The National Curriculum is enhanced in Year 9 and 10, where students are coached in Learning Brilliance, a unique course aimed at enhancing the learning experience through a series of short-term achievements that develop long-term learning skills. This course supports each child's social, emotional and mental wellbeing alongside their academic work; it instils a joy of, and love for, learning by centreing on the aspects of fun, creativity and imagination that can often be pushed aside by students as they respond to the stresses they associate with the final years of their qualifications.
Using inclusive memory techniques, the Learning Brilliance programme teaches and reinforces learning curriculum subject content via new techniques for memory training that enables learners to bypass the high levels of repetition usually associated with learning new material and instead equipping them to absorb new information at an accelerated rate, which then allows for a greater, broader knowledge base upon which understanding and associations can then be built.
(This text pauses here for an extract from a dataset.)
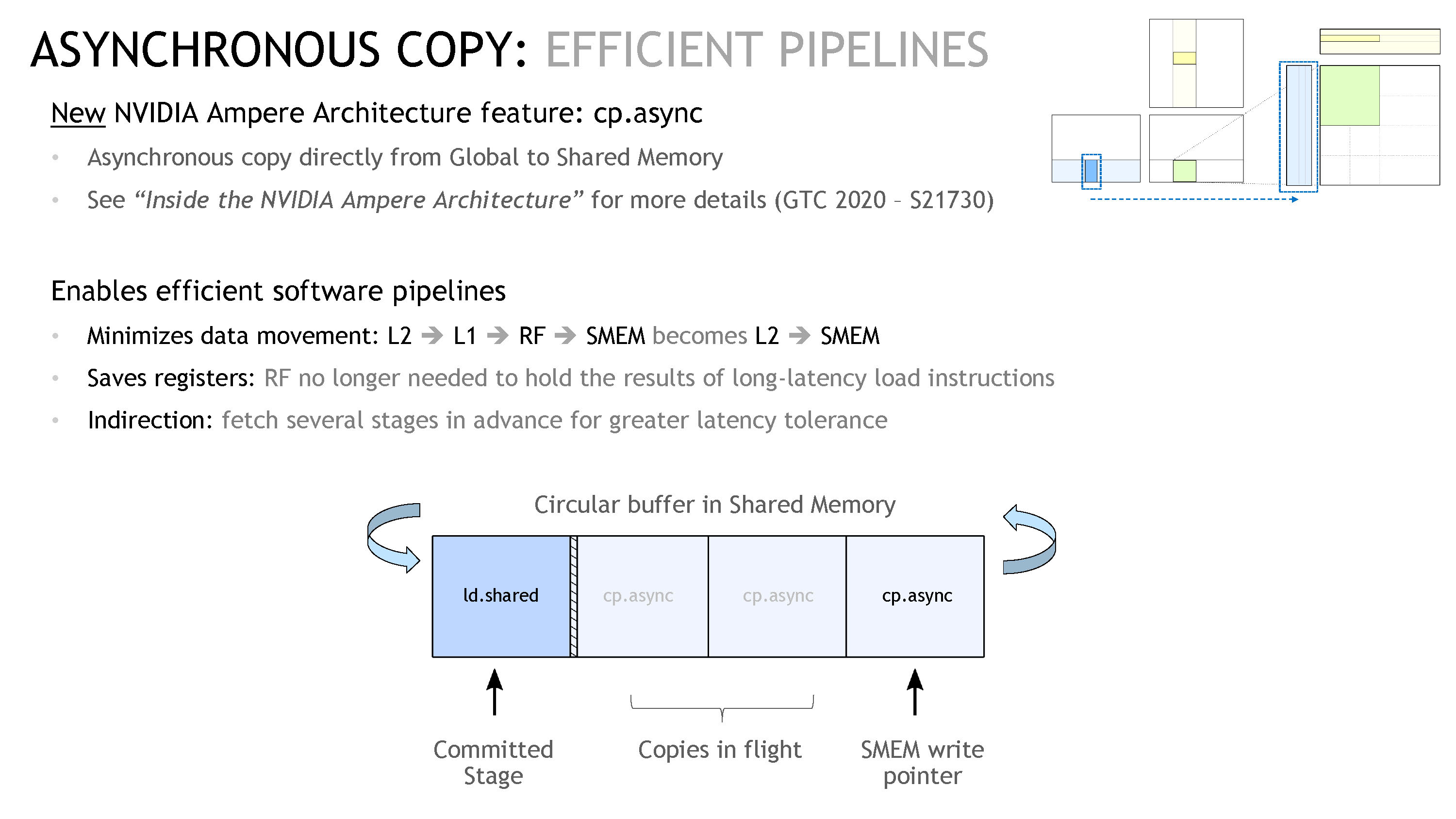 Async Copy 的好处。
Learning Brilliance delivers memory habits at a level that is fundamentally important to us all; showing that there is no such thing as a poor memory, only a trained or untrained memory, and allowing students to explore highly challenging and unique ways of approaching learning while strengthening their creativity, self-esteem and mental wellbeing. This programme then applies the memory techniques to knowledge that students would benefit from knowing, both socially and academically irrespective of the option subjects they intend taking, embedding this to broaden and deepen their knowledge base providing an exciting foundation upon which to hook new levels of understanding and awareness, ultimately expanding their cultural capital.
In Year 10, all students study either geography or history (or both if so desired). They are also encouraged to take a language; and in doing so, engage with the Full English Baccalaureate; suite of subjects. We are ambitious in our intent for a majority of students to study this important set of subjects. In exceptional cases, where students’ ambitions change to match their increasing self-belief within their final years, our curriculum allows students who have not chosen to follow the Full English Baccalaureate, an additional opportunity to study the missing course in their final year, securing a suite of qualifications to match their commitment to learning.
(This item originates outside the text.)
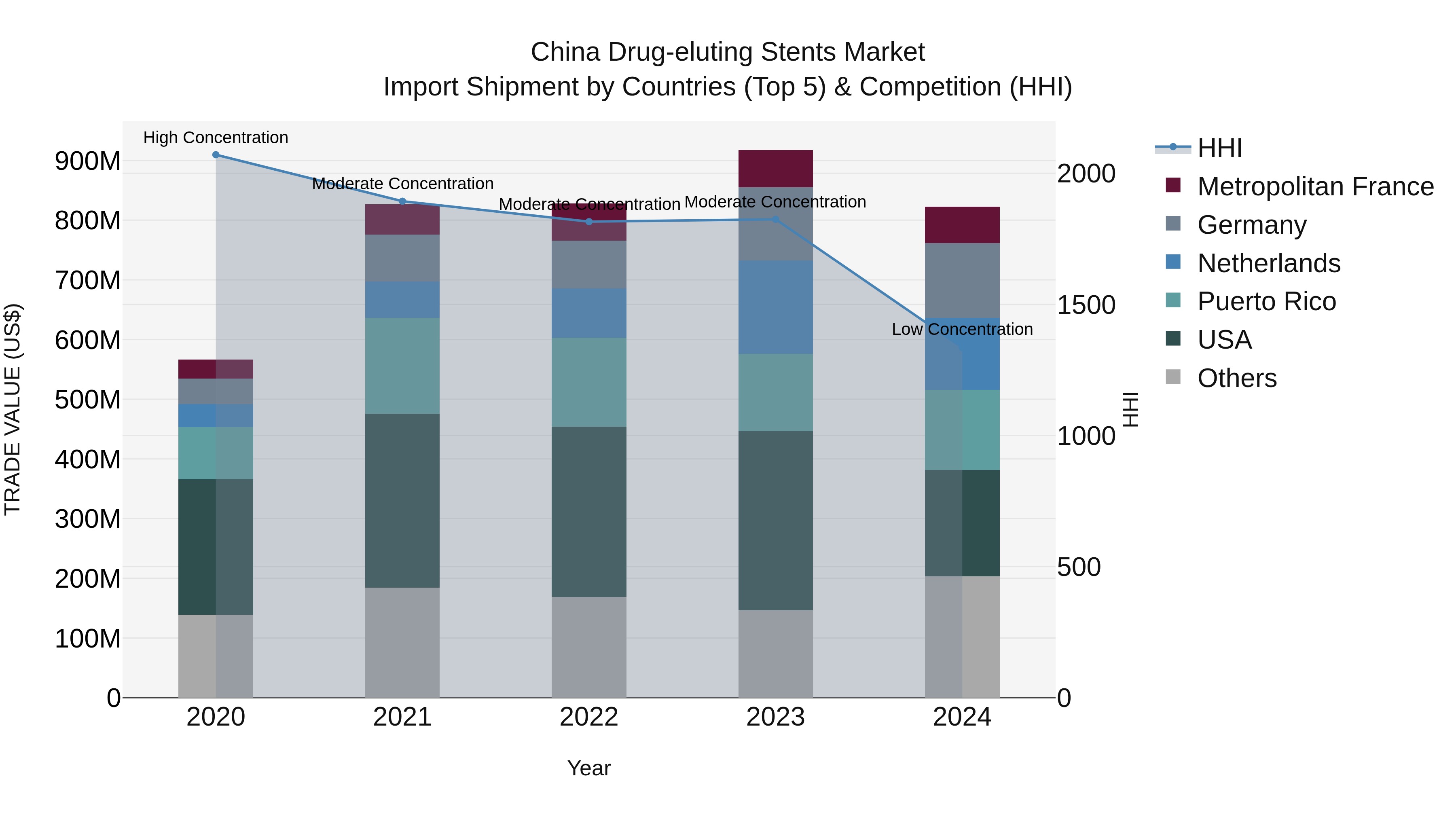 China Drug-eluting Stents Market Top 5 Importing Countries and Market Competition (HHI) Analysis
Additional support for English and maths is available throughout the 5 year curriculum, for those students who need it. Students entering Year 11 are all provided with additional English and maths studies to secure the knowledge base they require without detriment to other subjects they essentially need.
Every learner receives core provision of English and maths, plus additional periods of personalised English and personalised maths to provide the scope to deepen their knowledge, and secure and enhance their understanding, irrespective of their ability level.
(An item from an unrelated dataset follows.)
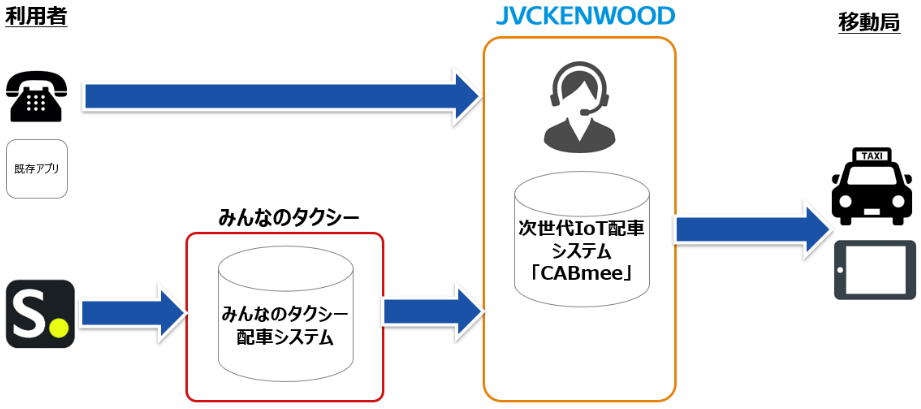 JVCケンウッドの「CABmee」との連携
In Year 11, students prepare for their post-16 study destinations and enhance their knowledge and skills so that they gain the academic passport required for their next steps. They choose to supplement or advance their specialism, by following their interests to gain a specialism in an unexamined subject that might support their future study or career. Equally, they can consolidate an existing subject so that they have the best possible choices available to them as they leave our care.
The strength of our curriculum is its ability to be highly personalised to every student's needs, allowing each to shape their own progression route, build high levels of self-belief, nourish their mental health, and instil a passion for learning that will extend far beyond their time at school.